March 2, 2012 - FILED UNDER Collaboration
Top-Down or Bottom-Up: Management Styles that Foster Collaboration
It’s no secret that good collaboration is a powerful tool, but achieving it is difficult. The problem with creating good collaboration is getting team members to fully commit to the process. This begs the question, “what’s the best management style to help achieve good collaboration? Top-down or Bottom-up?

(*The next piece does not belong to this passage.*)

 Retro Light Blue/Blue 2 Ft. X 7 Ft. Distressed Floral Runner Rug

Earlier this week I read an interesting post from Fast Company talking about how collaboration can only be successful via a top-down initiative. In the post, the author argues that collaboration, while awesome, is not “a natural [human] state.” Arguing that “It [collaboration] is a highly evolved way of relating. Fear, frustration and even political mayhem are more likely to be what happens when people come together naturally.” So, basically we’re more likely to end up fighting than to collaborate, it’s that difficult to achieve. While it may be true that collaboration is a more complex human function, it’s nonetheless extremely important for the success of today’s business.
Top-down management is where the decision making occurs at the higher levels of an organization. The effects of the decisions are then hopefully implemented down the corporate ladder. The Fast Company article points out that “a sense of cooperation and collaboration must be driven and exemplified by the top management team and reinforced throughout the organization.” It’s a belief reiterated by many of history’s great leaders: Alexander the Great, Napoleon Bonaparte, Custer the list goes on – however, all either died in battle or ended up living in exile. But this isn’t battle and I would rather not end up living in exile, so maybe a top-down approach isn’t the ideal way to bring about change.

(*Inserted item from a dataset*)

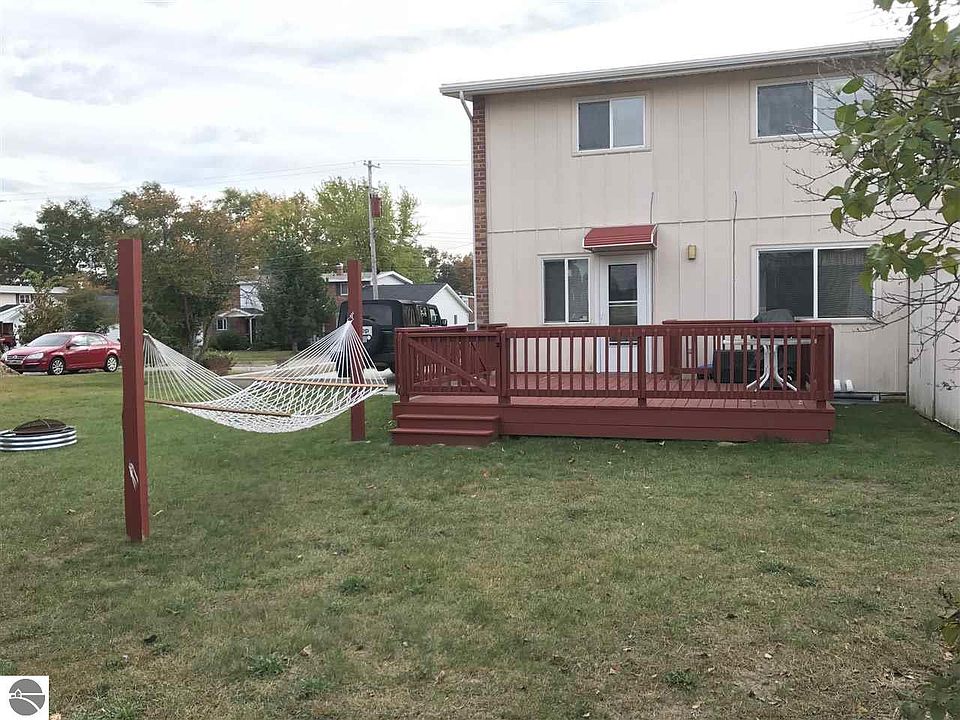 1st image of 9711B 7th St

Jan Hart of the Workforce Collaboration blog, believes that if collaboration is going to happen it must come from the bottom up. She believes it’s really about “encouraging and supporting those individuals who want to connect with each other and collaborate to work and learn together.” Hart makes some good points. The majority of the time, people discover and start using collaboration tools to deal with common issues or problems. She highlights that the smart organizations are the ones who notice this and ask “how can we build on what is happening and support those who are already using social and collaborative approaches?” She believes it’s through education, not through executive decisions, that will ultimately drive adoption. The key to success is to educate employees about the advantages of collaboration and support those internal champions as best you can.
So which management style makes the most sense? To really achieve good, solid collaboration you need a bit of both. While an executive decision is good to light the fire, if left unsupported it will certainly fizzle out. It’s really through leading by example, supporting internal champions, and education that your collaboration initiatives will have lasting results.